On the 21st of January 2014, Dr. David Pollock, Kaufman Fellow at the Washington Institute for Near East Policy and Senior Advisor for the Broader Middle East at the US State Department from 2002- 2007, introduced his recently published study: Beyond Words: Causes, Consequences, and Cures for Palestinian Authority Hate Speech. Dr. Pollock drew upon his long-standing expertise in the political dynamics of Middle East countries to discuss Palestinian incitement during the peace process, illustrating his talk with various examples, many of which were from official Palestinian Authority sources. He argued that policy has failed in fighting incitement, offering some alternative ways to confront the problem, concluding that ending incitement is critical in order to see real change in the region.

Recent examples of incitement and problems it creates

  • Official Palestinian Authority incitement is spread through PA media ­- subsidised by the United States, United Kingdom and European Union – and in statements made by cabinet ministers and President Mahmoud Abbas himself.
  • This activity amounts to glorifying terrorism, which is banned under formal signed agreements between the PA and the international community.
  • Fatah, of which Abbas is Secretary General, recently posted an image glorifying Dalal Mughrabi, an infamous Palestinian terrorist, and also dedicated a town square near Ramallah to her.
  • Maps of the Levant on official websites and in textbooks label all Israeli territory as Palestine, including pre-1967 Israel.
  • Official PA media has accused Israel of torturing and harvesting the organs of Palestinian prisoners.
  • There have been various examples of official PA outlets praising Hitler.
  • Each time the Israeli government releases convicted Palestinian terrorists, senior PA officials, including Abbas, greet them as ‘heroes’.
  • History has shown that unless acts of incitement are confronted publicly and firmly, incitement will not only continue but also lead to mass violence and possibly even genocide.
  • Incitement is self-defeating, even from a Palestinian perspective, because it hurts their own interests by creating the impression that they are not credible partners for peace.

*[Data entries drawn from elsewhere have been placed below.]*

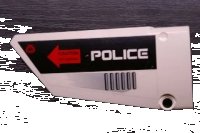 LEGO part Technic, Panel Fairing #17 Large Smooth, Side A with 'POLICE' and 'CAUTION HOT SURFACE' Pattern (Sticker) - Set 5973 64392pb004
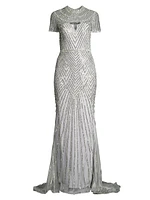 Beaded Short-Sleeve Gown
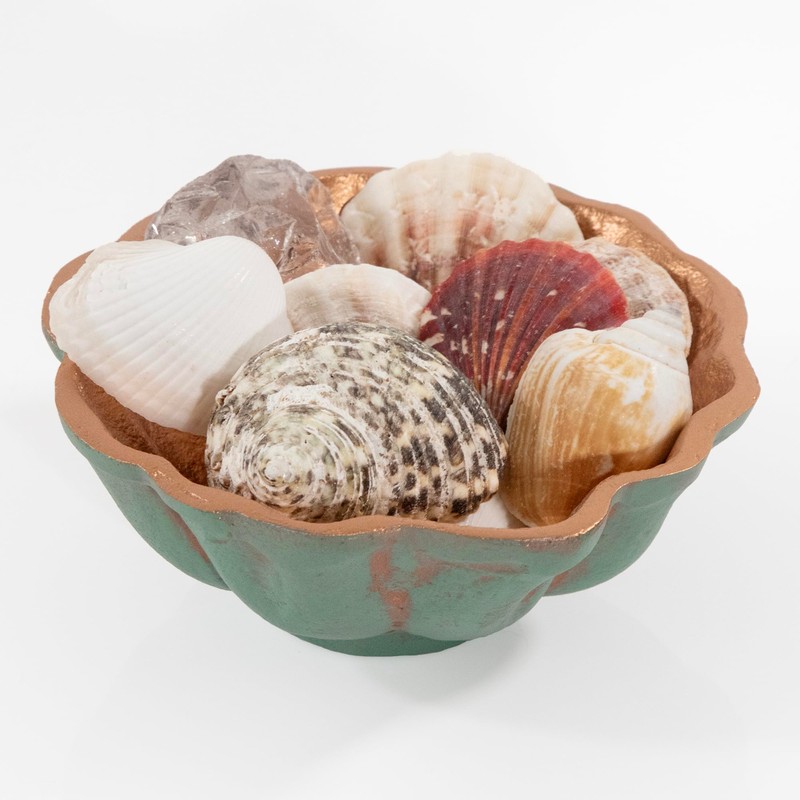 ANDALUCA Decorative Metal Turquoise Copper Finish Clamshell Bowls Set of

Why incitement is still prevalent

  • Palestinian anger at the Israeli occupation of the West Bank – Pollock argues that incitement only convinces Israelis that they cannot risk withdrawal from territory that will then become a hotbed for more violence and terrorism.
  • Belief that Palestinian radicals, ideologues, and die-hard extremists would create domestic political problems if not ‘pandered to’ by messages of incitement against Israel. Israel tries to counter messages of incitement from the country’s own extremists – tackling vigilantism and taking away salaries of government employees who incite against Palestinians. The PA must do the same.
  • Some Palestinian leaders and senior officials genuinely believe that there cannot be a two-state solution nor a State of Israel.
  • The PA pays no penalty for incitement, and it is not on the agenda for current peace talks.


  • The issue of incitement must be raised with foreign governments, particularly those that donate heavily to the PA.
  • Aid and funding must be conditioned on the willingness of the PA to crack down on this rhetoric, as it has pledged to do. This has worked before in stopping incitement, for example when UNESCO cut off funding for a Palestinian youth magazine that published tributes to Hitler: the magazine swiftly stopped printing such pieces.
  • Hamas is currently in a very weak position, so the PA no longer has to concern itself as seriously about its criticism because many Palestinians themselves no longer trust Hamas.